Après la démonstration, faites pratiquer aux élèves la verbalisation à voix haute par deux. L'un lit, l'autre écoute et donne son avis. Cela développe la conscience métacognitive, c'est-à-dire la capacité à contrôler sa propre compréhension pendant la lecture.
Voici une excellente vidéo illustrant les stratégies de compréhension de lecture en action :
10. Réflexion après la lecture : Pour bien retenir l’information
La compréhension ne s'arrête pas à la lecture de la dernière phrase. Les activités post-lecture consolident les acquis et favorisent la mémorisation à long terme.
Activités de post-lecture efficaces :
- Récit : Les élèves expliquent le texte à un camarade sans le regarder. Cela les oblige à organiser et à formuler clairement les idées principales.
- Résumés écrits : Un résumé de 3 à 5 phrases exige des élèves qu'ils identifient ce qui compte vraiment et qu'ils éliminent le reste.
- Cercles de discussion : Les participants, répartis en petits groupes, discutent de leurs réactions, de leurs questions et de leurs liens avec le texte.
- Journaux de connexion : Les élèves écrivent sur la façon dont le texte se relie à leur propre expérience, à un autre texte qu'ils ont lu ou au monde.

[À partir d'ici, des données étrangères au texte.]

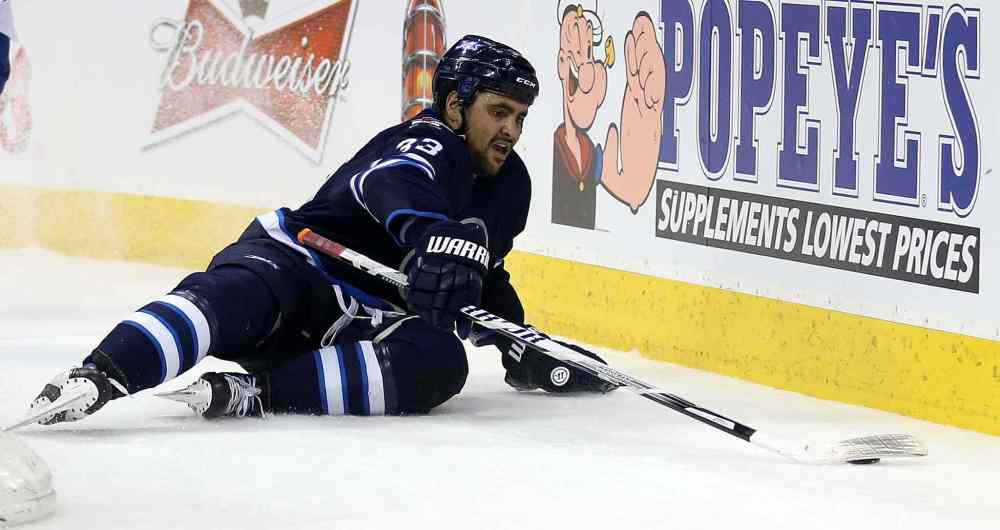 TREVOR HAGAN/WINNIPEG FREE PRESS
Winnipeg Jets' Dustin Byfuglien (33) is tripped up behind the Toronto Maple Leafs' net during the second period of Saturday's game.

L'essentiel est que les activités de post-lecture doivent exiger des élèves qu'ils faire quelque chose Il ne s'agit pas seulement de répondre à des questions factuelles, mais d'assimiler l'information en profondeur. Plus le traitement est approfondi, meilleure est la mémorisation.

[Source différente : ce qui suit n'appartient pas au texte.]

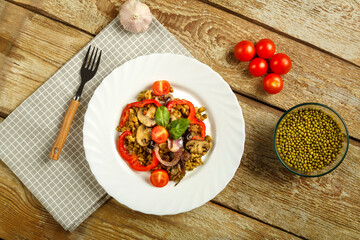 On a wooden table is a white dish of boiled mung bean with mushrooms and vegetables on a napkin and...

Synthèse : Cadre d'une leçon de lecture
Il n'est pas nécessaire d'utiliser les 10 stratégies à chaque leçon. Voici un cadre pratique pour un cours de lecture de 50 minutes :
- Lecture préalable (10 min) : Prédiction du sujet, pré-enseignement du vocabulaire, activation du contexte
- Première lecture — lecture rapide (5 min) : Lecture rapide pour comprendre le sens général, puis partagez vos prédictions.
- Deuxième lecture — détaillée (15 min) : Annotation, segmentation ou organisateur graphique
- Travail de groupe (10 min) : Rôles d'enseignement réciproques ou génération de questions
- Après la lecture (10 min) : Rédaction de résumés, discussion ou récit
Variez les stratégies d'une semaine à l'autre. Une fois que les élèves auront pratiqué chacune d'elles individuellement, laissez-les choisir celles qui leur conviennent le mieux. C'est alors que commence véritablement l'autonomie en lecture.

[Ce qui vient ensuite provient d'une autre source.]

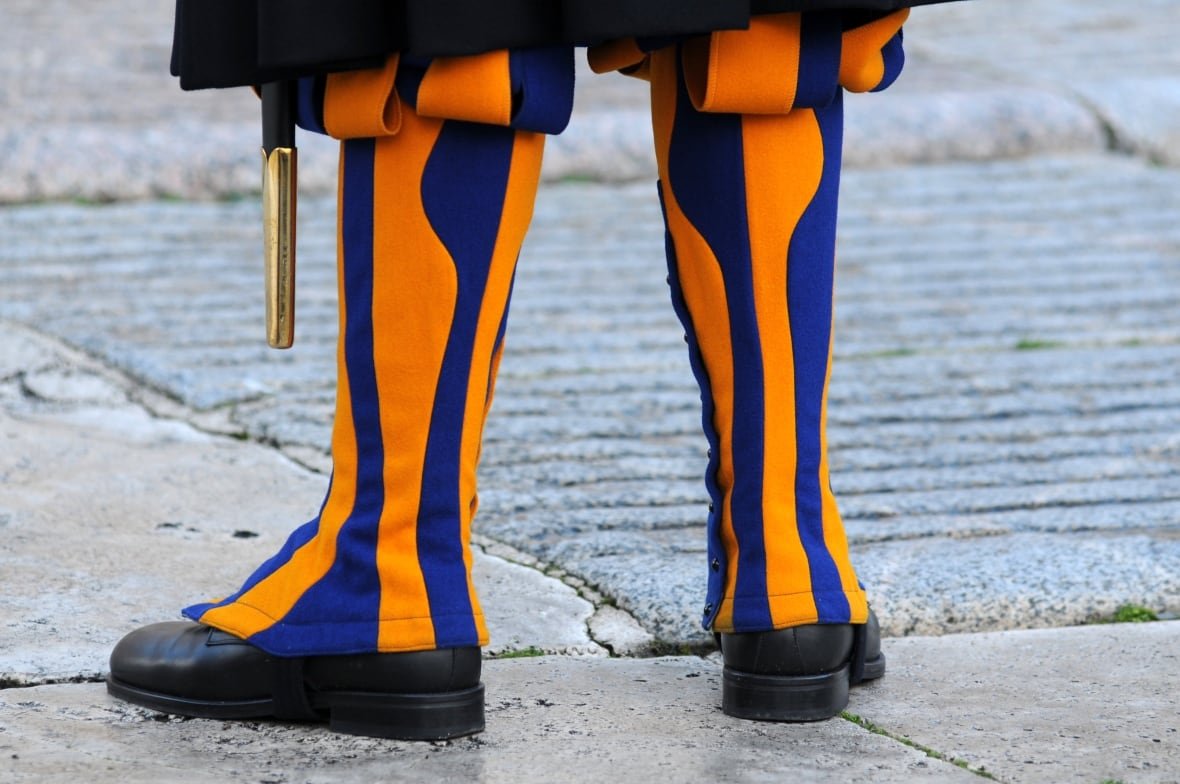 A person's legs wearing striped yellow and blue coverings.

Pour découvrir d'autres façons de préparer vos élèves à la lecture et à l'interaction avec les textes, ne manquez pas notre collection de Activités d'échauffement ESL sans préparation qui permettent aux élèves de parler rapidement.
Choisir la bonne stratégie pour le bon étudiant
Chaque stratégie n'est pas adaptée à chaque apprenant. Les débutants tirent le meilleur parti des activités d'activation avant la lecture, de la cartographie du vocabulaire et du découpage en segments ; ces techniques constituent le socle de leurs apprentissages. Les apprenants de niveau intermédiaire sont prêts pour l'annotation, les organisateurs graphiques et l'enseignement réciproque. Les élèves avancés excellent grâce à la formulation de questions, la verbalisation de leurs pensées et la réflexion individuelle après la lecture.
L'objectif n'est pas de former des élèves capables de répondre à des questions de compréhension lors d'un examen. Il s'agit de développer chez eux des lecteurs capables de comprendre avec aisance et autonomie n'importe quel texte en anglais — un article de presse, un roman, un courriel professionnel. Ces 10 stratégies constituent les outils qui leur permettront d'y parvenir.
Références
- Palincsar, AS, & Brown, AL (1984). Enseignement réciproque des activités favorisant et contrôlant la compréhension. Cognition et enseignement, 1(2), 117-175.
- Grabe, W. (2009). Lire dans une langue seconde : passer de la théorie à la pratiquePresses universitaires de Cambridge.
- Nation, FAI (2001). Apprendre du vocabulaire dans une autre languePresses universitaires de Cambridge.